In the spring of 1839, the extraordinary Indian adventurer and spy, Mohan Lal Kashmiri, engineered one of the greatest intelligence coups of the 19th century: using nothing more lethal than cash and intrigue, he brought about the fall of Kandahar and secured the Afghan throne for Imperial Britain's chosen client, Shah Shuja-ul-Mulk.
Less than three years later, in the bitter winter of 1842, Kashmiri found himself working undercover in insurgent-held Kabul, seeking to ransom the remnants of his masters' once-magnificent army — children, women and men at threat of being sold as slaves in Central Asia.
For decades after, imperial historians agonised over the Afghan debacle of 1842, using tropes that still colour discourse on the country: religious fanaticism; treachery of native rulers; savagery of the tribal culture; primitiveness of its civilisation.
In a June 1842 paper, authored for the attention of the Governor-General in New Delhi, Kashmiri offered a simpler explanation. Britain's easy victory in Kandahar and Kabul, he recorded, persuaded commanders that “there was no necessity for wearing longer the airy garb of political civilities and promises.” He concluded: “there are, in fact, such numerous instances of violating our commitments and deceiving the people in our political proceedings, within what I am acquainted with, that it would be hard to assemble them in one place.”
Eleven years ago, the United States went to war in Afghanistan, promising to free its people from a despotic Islamist regime. President George Bush never delivered on his promises of reconstruction. Afghanistan received a fraction of the aid handed out to less-troubled Kosovo and Bosnia, a 2003 RAND corporation study demonstrated, let alone post-Second World War Japan or West Germany. Neoconservatives hostile to big government dominated the development agenda; the war in Iraq sucked away desperately-needed troops.
Now, as first revealed by The Hindu last year, even the political promise is vanishing: the U.S. is spearheading an effort to make peace with the Islamists it promised to free Afghanistan from.
Figures like the northern warlord Rashid Dostum, former Afghan intelligence chief Amarullah Saleh and former vice-president Zia Massoud, have been lobbying against the looming deal with the Taliban — but the tide of western opinion seems against them.
In capitals across Europe and in the U.S., leaders have been persuaded that an end to the war in Afghanistan must mean reconciliation with the Taliban — cast by a growing phalanx of apologists as representatives of a culturally legitimate religious-nationalist tradition.
The part of the story that is strangely absent from history-telling today is this: until the events of 9/11, the U.S. was engaged in precisely the same process of reconciliation that is being marketed today.
Muhammad Najibullah Ahmadzai's last minutes were the first of Afghanistan's Islamic Emirate, the Taliban's short-lived state.

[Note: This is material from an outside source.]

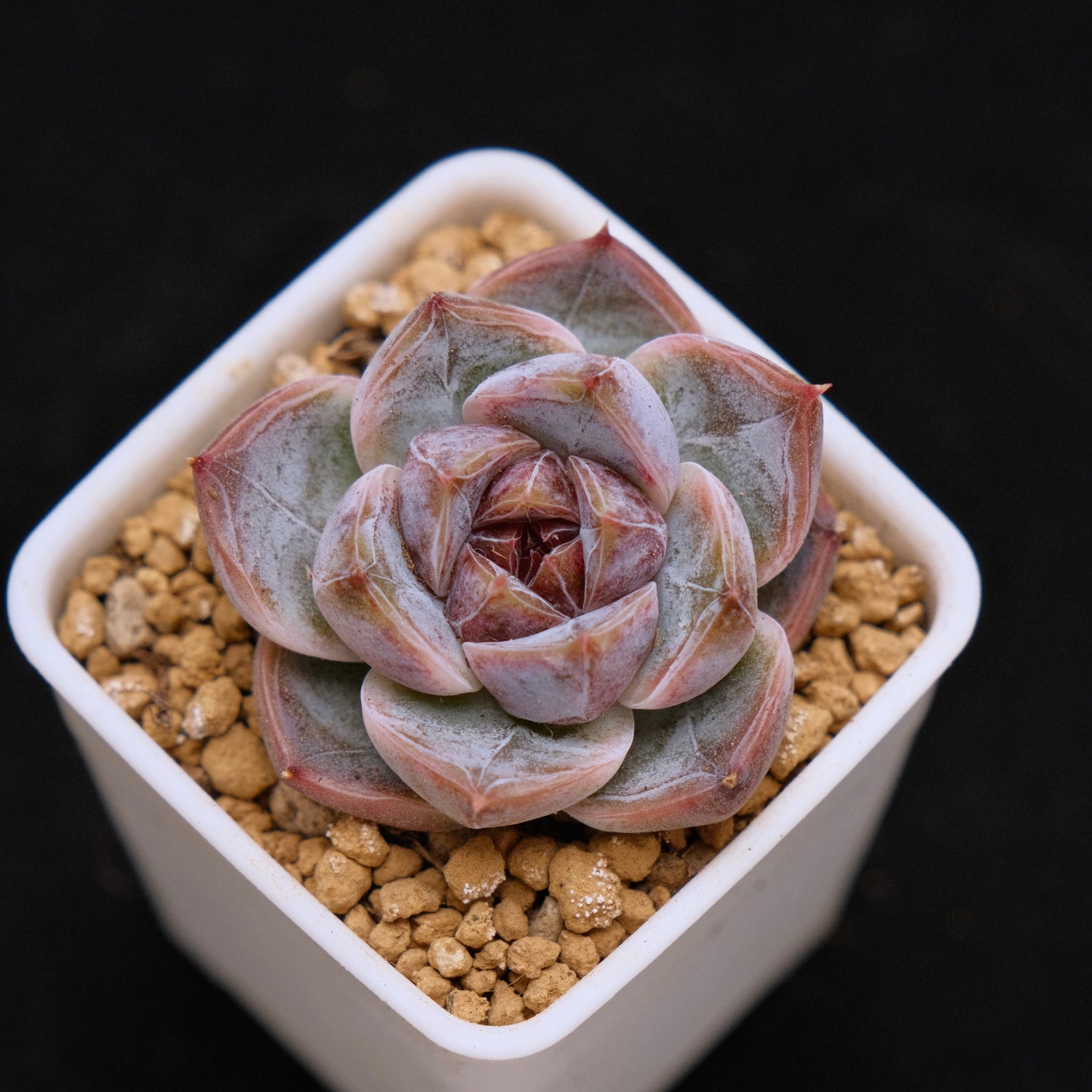 Echeveria Angels Kiss baby Korean Succulent Plant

Early on September 27, 1996, Afghanistan's former President was dragged out of the United Nations compound where he had taken sanctuary. He was beaten, then castrated; his bloodied body was dragged behind a truck before being hung on a traffic light for public display.

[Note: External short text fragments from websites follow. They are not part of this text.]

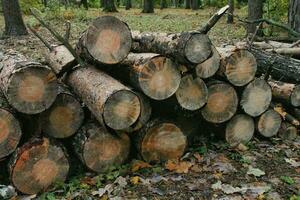 deforestación, destrucción tala de bosques. cortar árboles en el parque de la ciudad. madera talada en montón. concepto de ecología. problemas ambientales globales. rescatar la naturaleza, salvar el planeta. madera picada y troncos apilados foto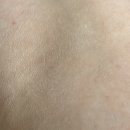 향기나꼬꼬 이미지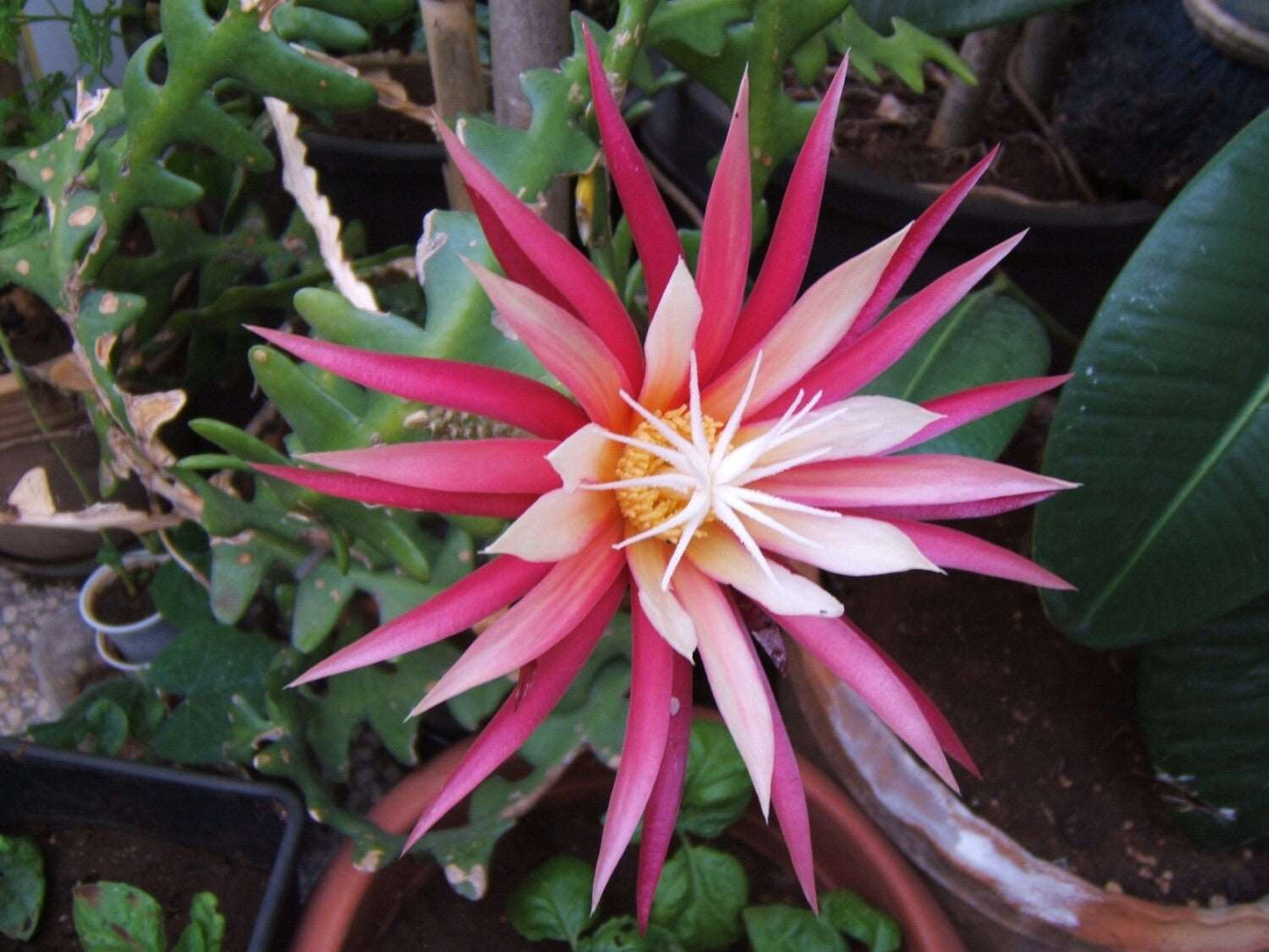 Epiphyllum Guatemalense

The President's last visitors included Ahmad Shah Massoud, the Panjshir-region warlord who would himself be assassinated on the eve of 9/11. Massoud, for decades a bitter adversary of Najibullah, offered to help him escape, an offer that demonstrated courage and decency.
Glyn Davies, the U.S. State Department's spokesperson, demonstrated neither when he was asked about Najbullah's murder a few hours later. The barbaric killing, he said, was merely “regrettable.” Mr. Davies proceed to explain that he found “nothing objectionable” in the laws of the new Islamic Emirate; these, he suggested, were “anti-modern”, not “anti-western” and, therefore, presumably legitimate. He hoped the Taliban would “form a representative interim government that can begin the process of reconciliation nationwide.”

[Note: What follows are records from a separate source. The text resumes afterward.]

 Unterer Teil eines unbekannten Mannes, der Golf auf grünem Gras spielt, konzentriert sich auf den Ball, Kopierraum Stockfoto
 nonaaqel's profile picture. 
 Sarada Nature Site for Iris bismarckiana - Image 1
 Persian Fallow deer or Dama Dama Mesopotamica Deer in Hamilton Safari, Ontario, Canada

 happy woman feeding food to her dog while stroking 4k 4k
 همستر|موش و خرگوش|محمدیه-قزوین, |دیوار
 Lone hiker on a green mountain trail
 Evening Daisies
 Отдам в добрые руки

From 1994, the administration of President Bill Clinton had sought just this outcome. The story had something to do with oil. The scholar and journalist, Ahmad Rashid, has shown the U.S. threw its weight behind oil giant Unocal's efforts to build an ambitious pipeline linking Central Asia's vast energy fields with the Indian Ocean. Mullah Muhammad Ghaus, the Islamic Emirate's foreign minister, led an expenses-paid delegation to Unocal's headquarters in Sugarland, Texas, at the end of 1997. The clerics, housed at a five-star hotel, were taken to see the NASA museum, several supermarkets and, somewhat peculiarly, the local zoo.
In April 1996, Robin Raphel — then Assistant Secretary of State for South Asia, and now President Barack Obama's ambassador for non-military aid to Pakistan, visited Kabul to lobby for the project. Later that year, she was again in Kabul, this time calling on the international community to “engage the Taliban.”
Ishtiaq Ahmad, Pakistani commentator and scholar, has pointed out that oil wasn't the only driver of these sentiments. It suited the U.S., he argued in a perceptive 2002 essay, to back the “emergence of an inherently anti-Iran Sunni force in Afghanistan”.
The U.S. was well aware that the Taliban's dramatic rise had something to do with forces other than its purported popularity among Afghans: “my boys and I are riding into Mazhar-i-Sharif,” Rafiq Tarar, the head of the Pakistani intelligence's Afghan operations, was recorded saying in an intercepted 1998 conversation.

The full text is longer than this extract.